About our research

About our research

The Centre for Migration and Postcolonial Studies (MAPS) works in the fields of postcolonial, migration and diaspora studies, literary and cultural geography, and global testimony studies.

Our research deals with a range of disciplines relating to South Asia, Africa, the Caribbean and South East Asia, as well as minority and diasporic cultures in the UK and beyond.

With the current migration crisis, our work has never been more timely or more relevant.

We often work with award-winning writers from the Manchester Writing School, one of the largest postgraduate English and creative writing communities in the UK.

Manchester itself has a history of migration and postcolonial encounters, making it one of the more ethnically diverse cities in Europe.

We want to create an inclusive, international culture at the University through local and international partnerships, and by exploring how histories of migration shape and mark literary and cultural landscapes.
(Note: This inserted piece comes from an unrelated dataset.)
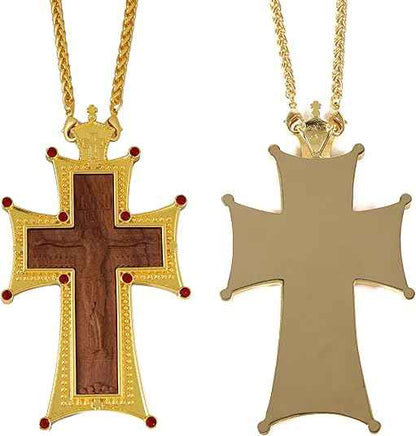 Wooden Cross Pendant Gold Plated Red Stone Necklace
Our continuing aim is to connect the history of colonialism to the literary and cultural future.

As well as our MA English course in postcolonial studies, we also run a speakers’ series, a reading group, a film club and a writers’ forum on creative-critical conversations.

Our research themes

Our research topics

Postcolonial Trauma and Testimony Studies

The intersecting fields of trauma and testimony studies are widely researched in MAPS. Professor Minoli Salgado’s Leverhulme-funded project, The Other Side of Violence, offers a practice-based comparative critique of witness literature. This draws on fieldwork in Cambodia and Sri Lanka, as well as work with the National Peace Council, Sri Lanka. This research is reflected in the MA course on Postcolonial Trauma which engages with literature and film from these areas, as well as from Nigeria, South Africa, Sudan and Northern Ireland. It is currently taught by Professor Salgado, Dr Eleanor Byrne and Dr Sonja Lawrenson. 

Climate Change and the Global South

Dr Chloe Germaine and Dr Ben Bowman are leading a project on Climate Imaginaries relating to climate fiction and young people’s environmentalism funded by the Political Studies Association. In addition, Dr Muzna Rahman is interested in the intersections between climate change, sustainability and literary studies, and has worked as a visiting researcher at the International Centre for Climate Change and Development in Dhaka, Bangladesh.

Decolonising Comedy Studies

Dr Sarah Ilott leads on a project that challenges the existing canon of comedy theory. Working with researchers, performers and writers from across the globe, the project provides alternative histories and ways of understanding comic performance that decentre the privileged white, male, European subject position.